ScanRefer: 3D Object Localization in RGB-D Scans using Natural Language with Graph, Attention and BRNet
In this work, we improve the previous state-of-the-art method named ScanRefer: 3D Object Localization in RGB-D Scans using Natural Language by adapting graph and attention mechanism. ScanRefer is a neural network architecture that localizes objects in 3D point clouds given natural language descriptions referring to the underlying objects. We improve the object detection module of ScanRefer by substituting VoteNet with Back-tracing Representative Points Network (BRNet). We also propose a method of scene-language understanding and objects relationship understanding by adapting graph neural network, language self-attention, and cross-modal attention mechanism.

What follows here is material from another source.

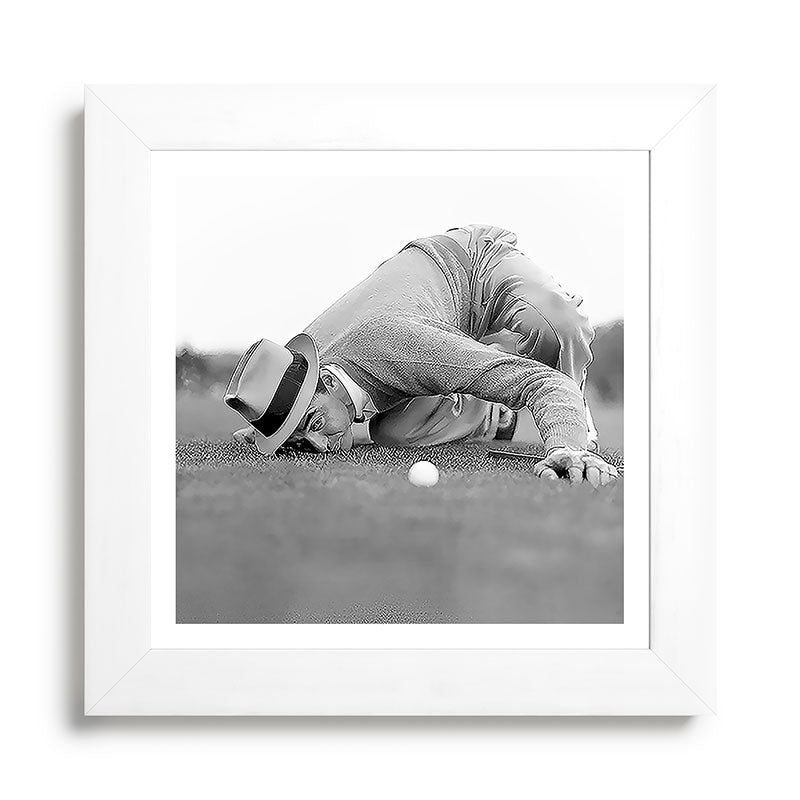Eye to the ground on the 18th hole; golfing man eyes ball to measure distance to hole vintage black and white portrait photograph - photography - photographs poster Framed Art Print Gallery Image 79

Please check the ScanRefer project website here for setup.
To train the ScanRefer-GAB model with RGB values:
python scripts/train.py --use_color --use_brnet --use_self_attn --use_dgcnn --use_cross_attn
For more training options (like using preprocessed multiview features), please run scripts/train.py -h
.
To evaluate the trained ScanRefer-GAB models, please find the folder under outputs/
with the current timestamp and run:
python scripts/eval.py --folder <folder_name> --reference --use_color --use_brnet --use_self_attn --use_dgcnn --use_cross_attn --no_nms --force --repeat 5
To visualize the localization results predicted by the trained ScanRefer-GAB model in a specific scene, please find the corresponding folder under outputs/
with the current timestamp and run:
python scripts/visualize.py --folder <folder_name> --scene_id <scene_id> --use_color --use_brnet --use_self_attn --use_dgcnn --use_cross_attn
To visualize the attention weights run:
python scripts/visualize_selfattention.py --folder <folder_name> --scene_id <scene_id> --use_color --use_brnet --use_self_attn --use_dgcnn --use_cross_attn
We would like to thank Dave Zhenyu Chen for the ScanRefer codebase.